The second round saw the selection of notable forwards like James Neal and Paul Stastny, alongside Olympic gold medalist Marc-Edouard Vlasic.

The third round was kicked off by Norris trophy nominee Kris Letang, who was followed by two-time Stanley Cup champion netminder Jonathan Quick.

In the fourth round came All-Star offensive defenseman Keith Yandle.

Even the very last player in the draft went on to become a consistent, reliable NHL goal-scorer for the Nashville Predators and Pittsburgh Penguins. That player? Patric Hornqvist.

It’s impossible to say which class was truly better – whether value lies in a strong first round or talent spread throughout later rounds.
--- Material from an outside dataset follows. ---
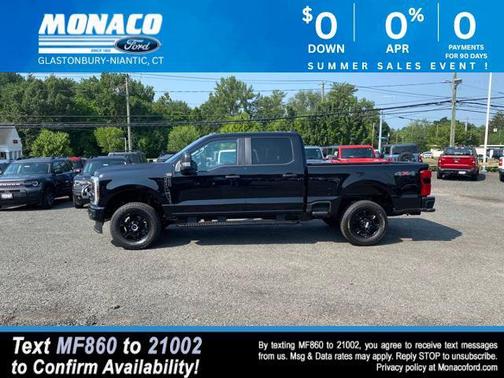 2025 Ford F-250 XL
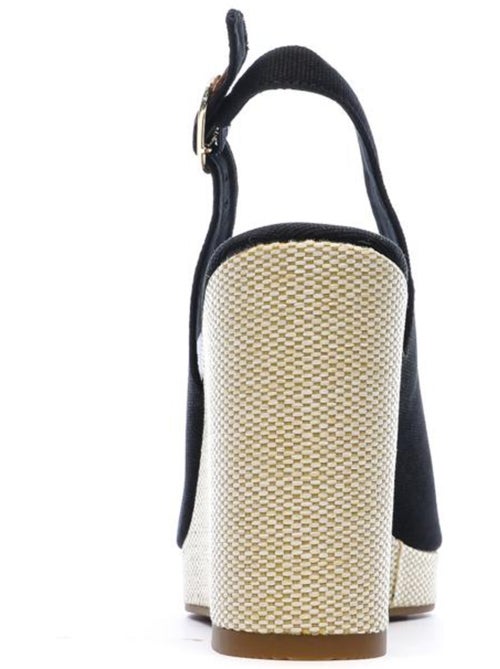 Sandali Donna Tommy Hilfiger Zeppa - Kiabi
Perhaps all the ’05 draft results indicate is that the league’s scouts missed the mark numerous times before selecting quality talent, causing the players we know now to be spread throughout the later rounds. Perhaps the overall talent level was thus the same.

Regardless, looking back at the various draft classes shows just how difficult it is to properly assess the talent of these young athletes.

What happens if you’re not gifted a class like ’03, where you can pretty much throw a dart at a list of names and come up with a future star?

It’s a tough task, to say the least.

With the 2015 NHL draft only a few months away, figuring to be another deep group featuring the likes of Connor McDavid and Jack Eichel, the league’s top minds will be put to the test once again, hoping to make selections that won’t be looked back upon as franchise-altering mistakes.